1994 single by Suede

"We Are the Pigs" is the first single from the album Dog Man Star by British band Suede, released on 12 September 1994 through Nude Records.

==Background==
The single heralded the darker tone that the band had taken for Dog Man Star, which contrasted heavily with their debut album. The unsettling sound on the single was not characteristic of the popular Britpop bands of the time. The departure of guitarist Bernard Butler, ahead of its release, overshadowed the single somewhat. That event, along with the song's music video receiving little airplay, contributed to its relatively poor charting, peaking at No. 18 on the UK Singles Chart and No. 34 in Sweden.

Singer and co-writer Brett Anderson has said he wrote it while he was living in Highgate. It is a song about revolution and the juxtaposition between the middle class lives of Highgate and the council estates of the not too far away Archway. He said: "[It's] a warning to the middle classes that everyone they're keeping under their feet is going to end up crushing their skulls. That was the idea behind it. It's supposed to be quite a violent thing."

The cover art for the single features a still from the cult film Freak Orlando.

==Reception and legacy==
The single was very well received in the British press. David Sinclair of The Times wrote: "Propelled by one of Bernard Butler's finest riff chord sequences and fuelled by the nightmare visions of Brett Anderson's lyric, the song romps home with a glorious chorus that combines old-fashioned sing-a-long appeal with an intriguingly sinister edge." Caroline Sullivan's review in The Guardian was printed the day before the band announced Oakes as their new guitarist.

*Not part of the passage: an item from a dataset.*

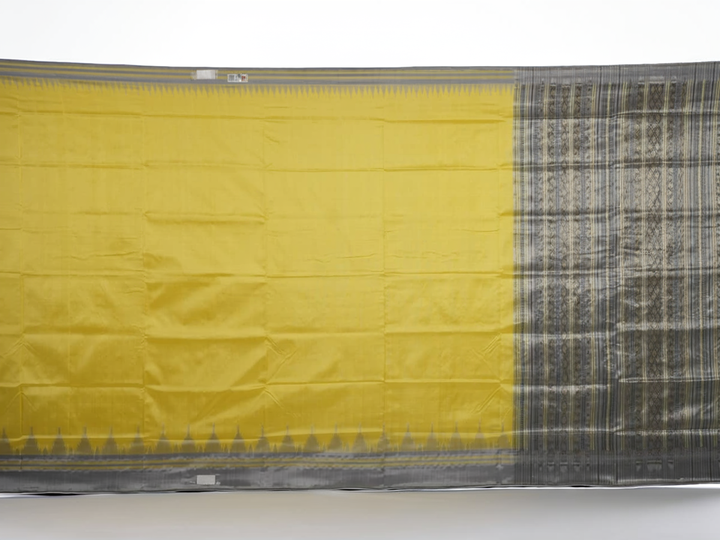 Close-up of the luxurious yellow Sambalpuri silk fabric, showing its fine weave and texture.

In it she predicted it would be the band's swansong. However, she was very favourable saying: "It's a typically melodramatic affair, Butler's squawking playing counterpointed by Brett Anderson's breastbeating emoting. One of their best." Martin Aston of Music Week wrote: "After the recent departure of guitarist Bernard Butler, Suede have to be at their best. 'We Are the Pigs' is just the ticket, one of their very best, strident, anthemic singles, which neatly sets the tone for the equally stunning second album on October 10."

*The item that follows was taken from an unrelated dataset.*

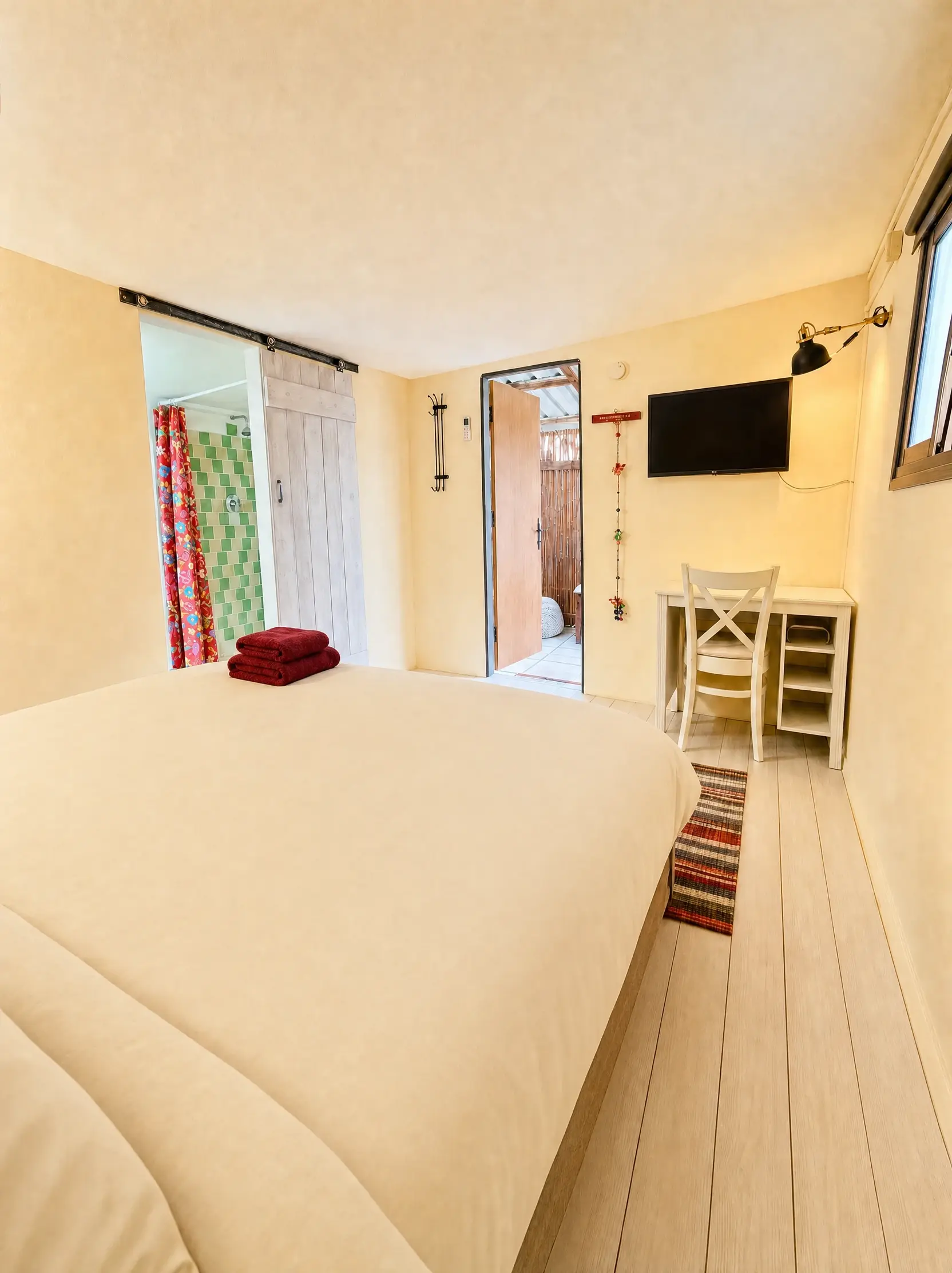 The Raz room: the bed, a sliding door to the bathroom and the door open to the patio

Pitchfork placed "We Are the Pigs" at No. 169 on their list of the Top 200 Tracks of the 1990s. In 2006, Total Guitar ranked Butler's solo at No. 57 in its list of the "100 Hottest Solos". The B-side "Killing of a Flash Boy" became a staple of Suede's live set list and was included on the B-sides album Sci-Fi Lullabies. In 2014, NME ranked the song at No. 364 on its list of the 500 greatest songs of all time.

==Music video==
The video for "We Are the Pigs", directed by David and Raphael Vital-Durand, features a grim, Nineteen Eighty-Four–like setting. It was initially banned by some TV stations including MTV for being too violent. The video features burning cars, cross burnings, and masked gangs roaming the streets, committing violent acts. Also notable is the video features the first official public appearance of new guitarist Richard Oakes. The video for the B-side, "Killing of a Flash Boy", a specially commissioned backdrop film for the Dog Man Star tour, produced by Derek Jarman was shot in Nightingale Estate in Hackney.

==Track listings==
All songs were written by Brett Anderson and Bernard Butler.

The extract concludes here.